On Easter Sunday, the rains finally lifted and Maggie Rose and I were able to accompany Honeydew and Keith on a queen cell mission.  I’ve written before that our 4 month adventure in California is two fold: first, we pollinate almonds with our bees.  After the bees are done pollinating, we remove them to our holding yards near Red Bluff and begin to requeen each hive.

Without interference, a hive of bees will raise a new queen every few years.  We think it’s best to give the bees a new queen every spring, and that’s what we’ve been up to for the last month or so.  Requeening takes time.
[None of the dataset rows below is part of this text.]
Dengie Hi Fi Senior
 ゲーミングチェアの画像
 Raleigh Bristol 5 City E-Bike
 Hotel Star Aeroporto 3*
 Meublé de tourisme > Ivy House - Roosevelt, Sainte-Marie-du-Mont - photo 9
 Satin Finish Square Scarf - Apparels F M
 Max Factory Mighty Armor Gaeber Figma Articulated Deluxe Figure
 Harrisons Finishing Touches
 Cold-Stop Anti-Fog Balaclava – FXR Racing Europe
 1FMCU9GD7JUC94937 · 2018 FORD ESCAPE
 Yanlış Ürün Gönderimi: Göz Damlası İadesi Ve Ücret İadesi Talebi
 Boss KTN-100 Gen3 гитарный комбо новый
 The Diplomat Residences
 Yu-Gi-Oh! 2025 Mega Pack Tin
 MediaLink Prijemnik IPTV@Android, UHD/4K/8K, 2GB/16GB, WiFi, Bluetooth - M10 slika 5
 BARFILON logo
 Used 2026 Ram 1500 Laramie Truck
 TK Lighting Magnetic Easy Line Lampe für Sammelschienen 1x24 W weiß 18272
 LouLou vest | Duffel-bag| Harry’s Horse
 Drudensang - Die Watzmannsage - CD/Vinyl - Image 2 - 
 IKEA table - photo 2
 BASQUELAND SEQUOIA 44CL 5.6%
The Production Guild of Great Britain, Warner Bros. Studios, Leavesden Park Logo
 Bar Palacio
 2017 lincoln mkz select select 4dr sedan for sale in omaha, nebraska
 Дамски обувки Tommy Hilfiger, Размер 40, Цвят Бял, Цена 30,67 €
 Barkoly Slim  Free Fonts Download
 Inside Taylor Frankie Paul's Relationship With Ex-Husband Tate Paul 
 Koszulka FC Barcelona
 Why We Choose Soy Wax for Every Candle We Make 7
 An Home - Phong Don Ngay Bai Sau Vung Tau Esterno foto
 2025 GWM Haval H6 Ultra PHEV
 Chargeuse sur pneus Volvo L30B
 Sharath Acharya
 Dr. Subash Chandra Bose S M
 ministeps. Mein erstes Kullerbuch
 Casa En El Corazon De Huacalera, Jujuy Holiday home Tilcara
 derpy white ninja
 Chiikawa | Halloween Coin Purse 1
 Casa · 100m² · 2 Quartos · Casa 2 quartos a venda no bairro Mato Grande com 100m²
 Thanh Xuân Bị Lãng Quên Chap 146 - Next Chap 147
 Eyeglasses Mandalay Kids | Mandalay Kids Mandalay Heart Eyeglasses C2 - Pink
As I wrote in my last post on this topic, when requeening most beekeepers purchase queens from queen breeders.  With a little help from our friends in California, we’re able to raise our own queens from our best stock, and we’re grateful for the kind assistance!

In a nutshell, requeening goes a little like this: Honeydew takes a frame of freshly hatched larvae. Using a dental implement looking tool, he gently scoops the larvae out of the cell and transplants it into a queen cup.  This is called grafting.

This new cell is placed on a row with 20 other grafted queen cups and given to a hive of bees to tend.  These bees feed the larvae the royal jelly that will turn a regular ole bee into The Queen.   All of this process is very regimented and on a specific day, at a specific time, Honeydew will take remove the queen cups from the hive and place them into a incubator.

The incubator in this picture was once used for chickens, but you know how we folks in agriculture can repurpose anything.  Ta da!  A Queen Incubator is born.

Another certain amount of time passes, and then Honeydew returns to the incubator to withdraw the queen cups, now filled with queens on the cusp of  hatching.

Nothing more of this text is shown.